Start of Material supplied

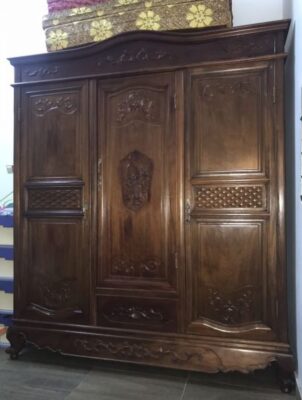 thu mua tháo dỡ tủ gỗ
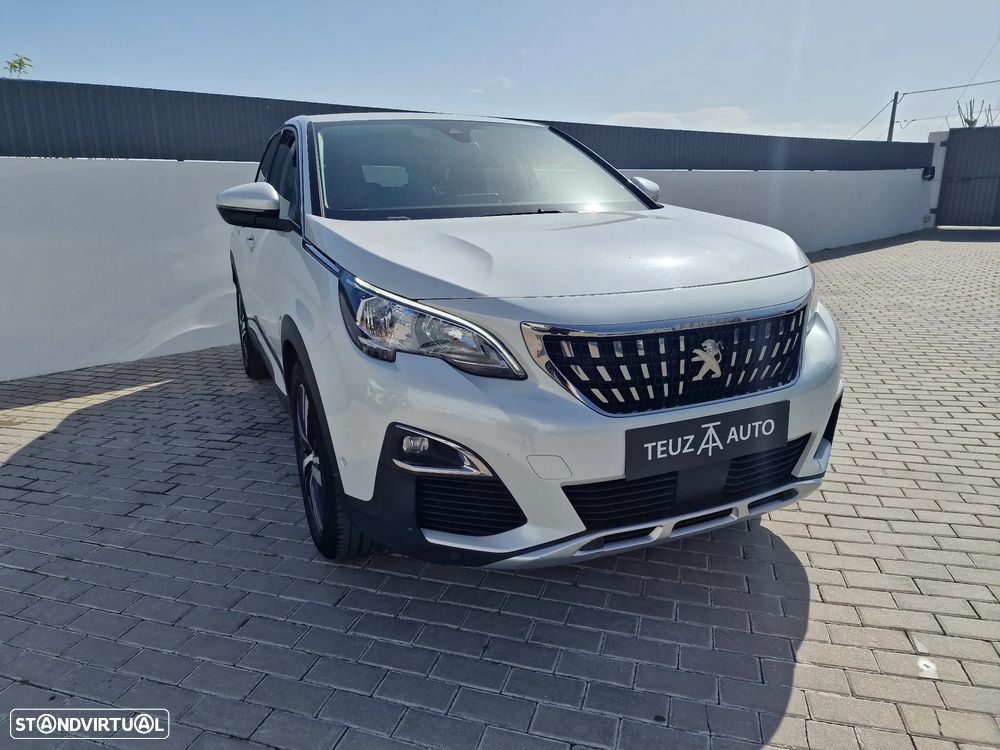 Peugeot 3008 PureTech 130 Stop & Start EAT6 Allure - 1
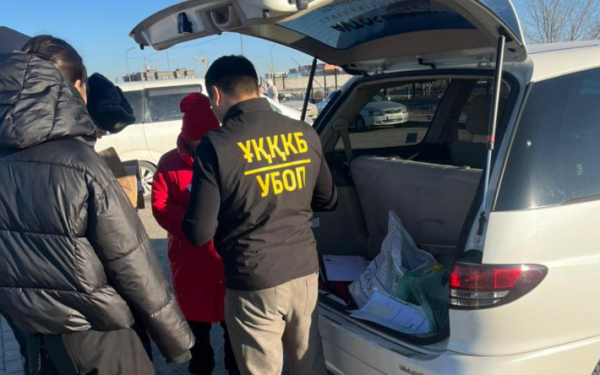 Страховки, медсправки, свидетельства о курсах продавались на парковке у СпецЦОНа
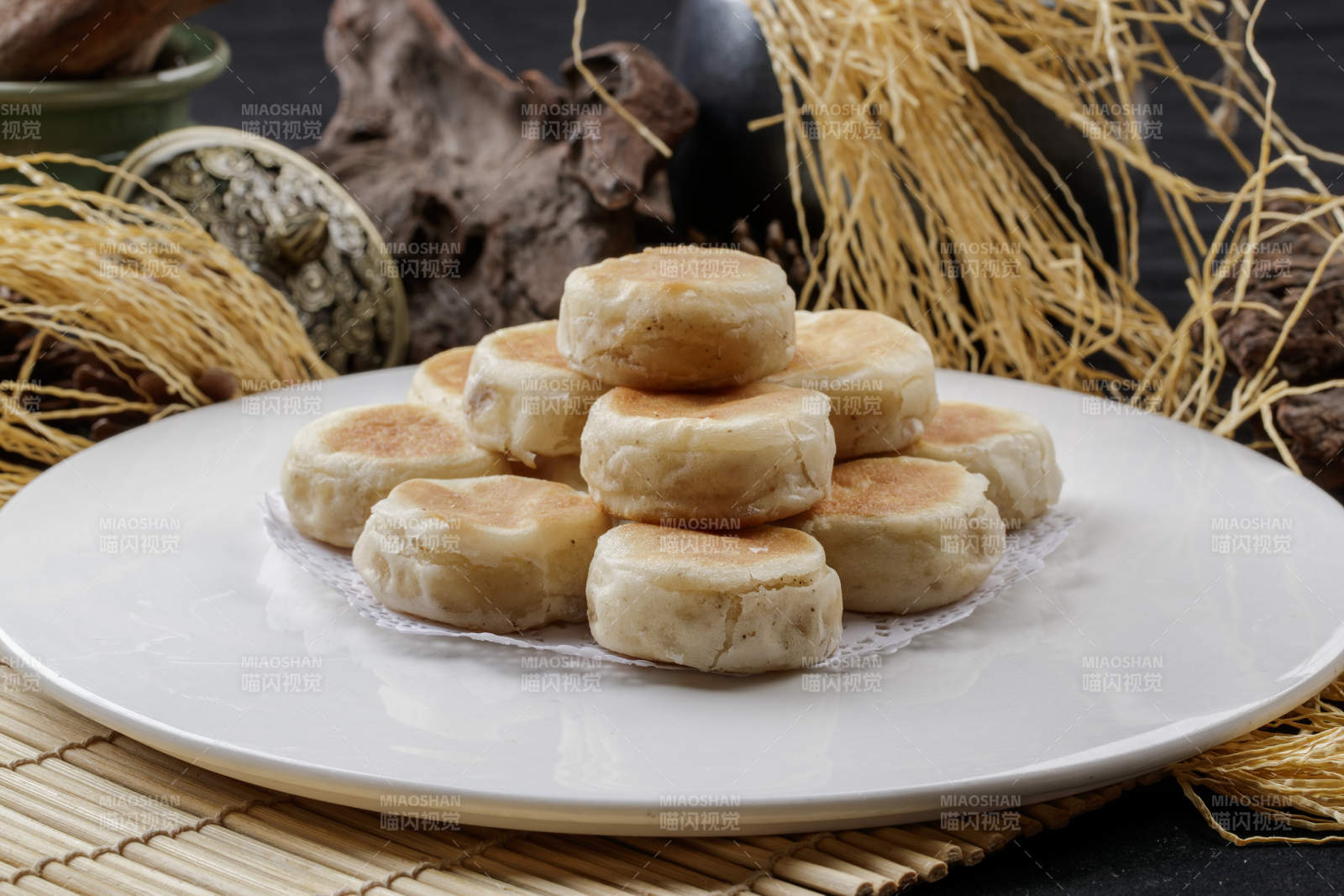 寿司帘上的圆瓷盘装的羊肉门丁图片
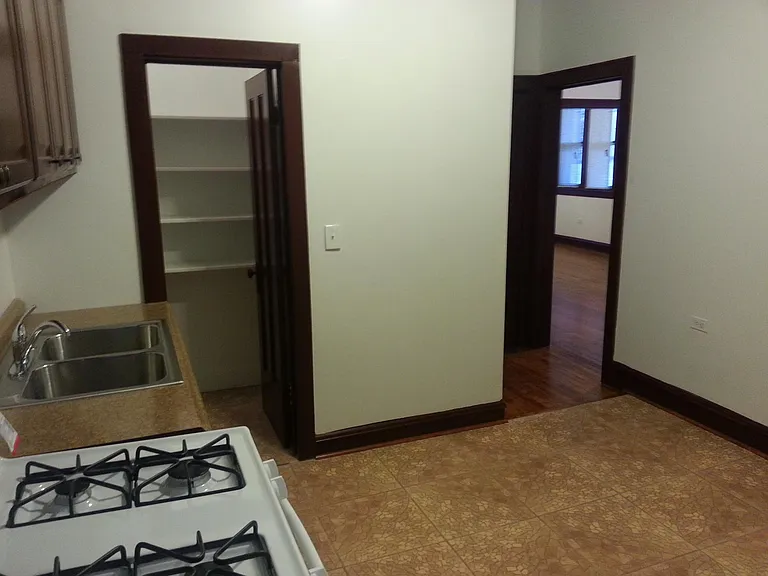2909 N Albany Ave — Photo 5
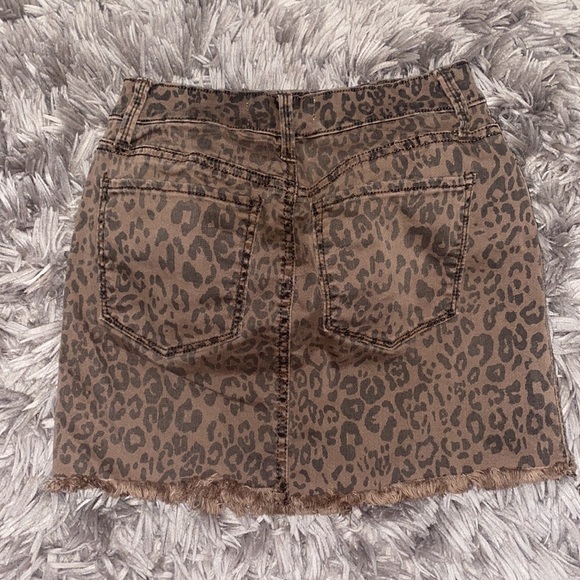 Cheetah print jean skirt - Picture 2 of 3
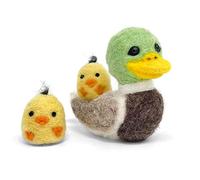 The Crafty Kit Company Duck & Ducklings Needle Felting Craft Kit for Beginners Including Corriedale Wool, Needles and Instructions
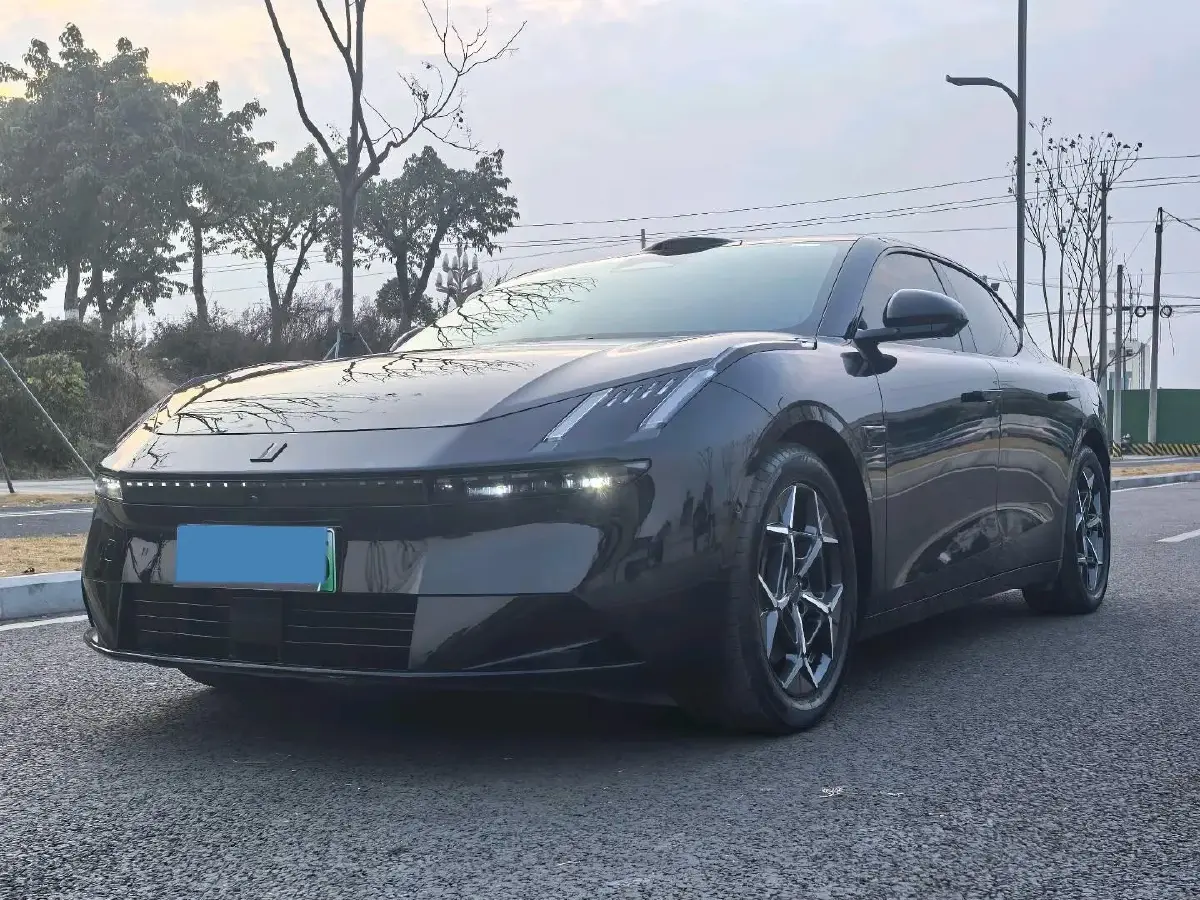 2025 LYNK&CO 10 EM-P 1.5T 163HP L4 3DHT PHEV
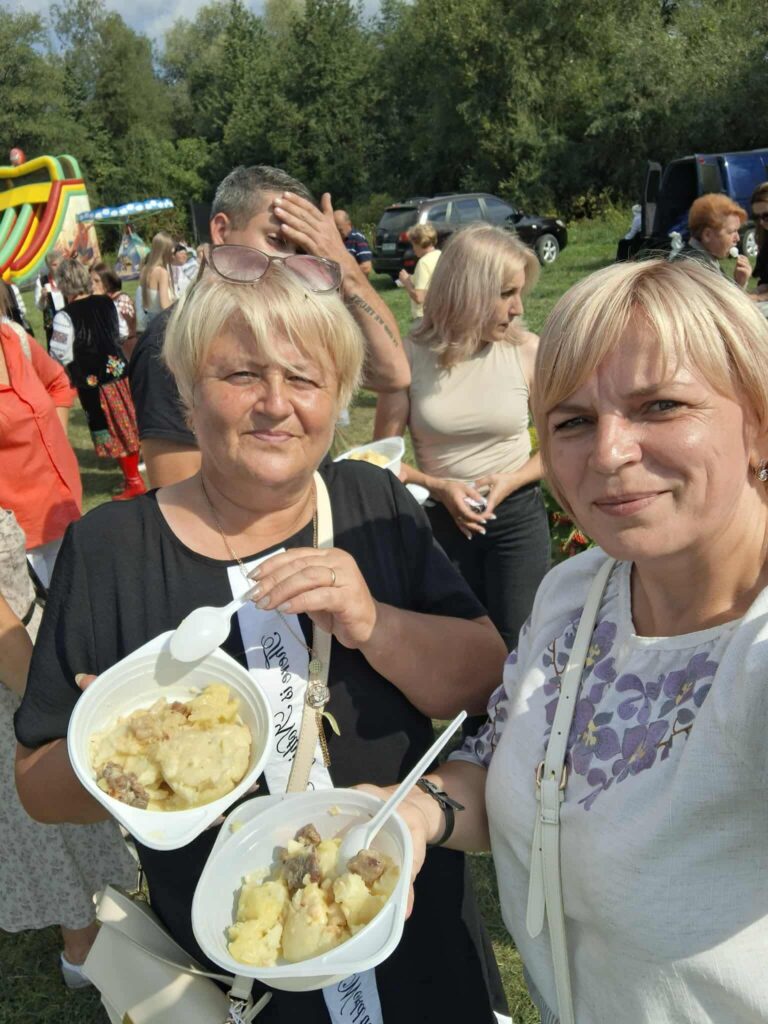Люди на фестивалі з тарілками їжі на вулиці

End of Material supplied

### Task to complete:
Omit pictures; set down the rest of the material word for word.

### Your response:
 thu mua tháo dỡ tủ gỗ
 Peugeot 3008 PureTech 130 Stop & Start EAT6 Allure - 1
 Страховки, медсправки, свидетельства о курсах продавались на парковке у СпецЦОНа
 寿司帘上的圆瓷盘装的羊肉门丁图片
2909 N Albany Ave — Photo 5
 Cheetah print jean skirt - Picture 2 of 3
 The Crafty Kit Company Duck & Ducklings Needle Felting Craft Kit for Beginners Including Corriedale Wool, Needles and Instructions
 2025 LYNK&CO 10 EM-P 1.5T 163HP L4 3DHT PHEV
Люди на фестивалі з тарілками їжі на вулиці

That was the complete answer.